<資産管理会社・寿不動産とは>
統合について両社には大きな温度差がある。サントリーの佐治信忠会長兼社長が「年内にまとめる」と意欲満々なのに対し、キリンは慎重姿勢を貫いたままだ。
キリンの腰が引けている最大の理由は、サントリーHDの89.33%の株式を保有している創業家の資産管理会社・寿不動産の存在。株式移転方式で共同持株会社を設立すれば、寿不動産がダントツの筆頭株主になるからだ。
寿不動産(本社・大阪市)は1956(昭和31)年9月の設立。社長は佐治信忠氏が兼務し、サントリーの株式を保有するほかサブリース方式の賃貸マンションを経営する。08年12月期の売上高は8億5,200万円。営業外収入としてサントリーからの配当収入が31億81,00万円あり、最終利益は27億900万円を計上。資産から負債を差し引いた純資産は279億5,400万円。自己資本比率96.88%という超優良会社だ。
寿不動産の資本金は1億2,234万円。株主はサントリー文化財団、サントリー音楽財団、サントリー生物有機科学研究所の3法人と個人が19人。財団法人は、創業者の鳥井信治郎氏が唱えた、会社の利益の3分の1は社会に還元すべきとする「利益3分主義」に基づき設立された。19人の個人株主は、筆頭株主(9.21%)の鳥井春子氏(創業者の長男・吉太郎氏の妻で、3代目社長・信一郎氏の母)を始め、創業者の末裔たち。佐治信忠氏(2代目社長・佐治敬三氏の長男)の持ち株比率は4.97%。
寿不動産の08年12月期の配当金総額は24億9,600万円。これが財団の運営資金と創業家一族の収入になる。創業者の末裔である鳥井・佐治家は、少額の出資で寿不動産を所有することにより、巨大なサントリーグループ全体を支配するという二重構造になっている。
<寿不動産が統合会社の筆頭株主>
この仕組みが統合に威力をもつ。サントリーの「対等」という条件を受け入れて統合比率を1対1にすれば、寿不動産が統合新会社の約45%の株式を保有するダントツの大株主になる。
キリンによる実質的な買収を意味する1対0.6の統合比率でも、寿不動産が筆頭株主になることには変わりない。寿不動産が3分1以上の株式を保有すれば、株主総会で重要議案への拒否権を持ち、支配権を握る。表面上は、キリンによるサントリー買収に見えても、実態は、鳥井家と佐治家がキリンを実効支配することになる。キリンにしてみれば、庇を貸して母屋を取られる格好だ。

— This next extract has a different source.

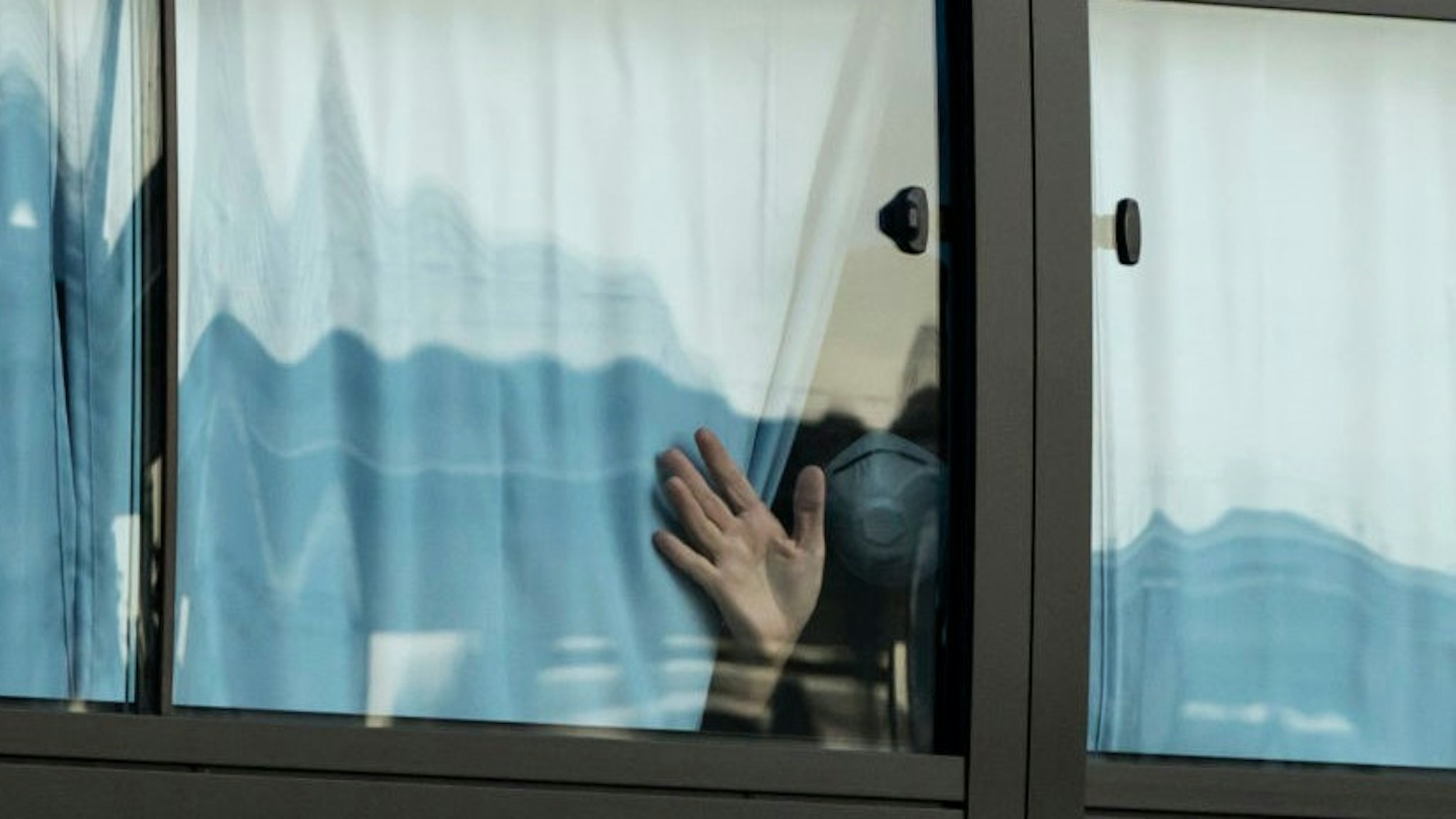 YOKOHAMA, JAPAN - FEBRUARY 19: A man waves from a bus carrying passengers who disembarked the quarantined Diamond Princess cruise ship as he leaves the Daikoku Pier on February 19, 2020 in Yokohama, Japan. About 500 passengers who have tested negative for the coronavirus (COVID-19) were allowed to disembark the cruise ship on Wednesday after 14 days quarantine period as at least 542 passengers and crew onboard have tested positive for the coronavirus. Including cases onboard the ship, 615 people in Japan have now been diagnosed with COVID-19 making it the worst affected country outside of China. (Photo by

だから、こういう見方ができる。サントリーの佐治社長が、統合に意欲を漲らせているのは、寿不動産が新会社のダントツの大株主となり、キリンを支配できるためだ、と。寿不動産が親会社になる統合を、キリンが受け入れるわけがない。キリンが許容できる最低限のセンは、寿不動産の持ち株比率を20%未満に抑えることだろう。
そうするためには、寿不動産がサントリーHD株を手放して持ち株比率を落とす必要がある。寿不動産が保有株の一部を投資ファンドに売却すれば、統合新会社の持ち株比率を落とすことができ、鳥井家と佐治家は多額の売却益を手にできる。これならキリン、サントリー、創業家の三者の利害が丸く収まる。
創業家によるサントリー株の一部売却が、統合を実現するための絶対条件になる。創業家がサントリー株の一部を放出することなしには、統合交渉は一歩も進まないだろう。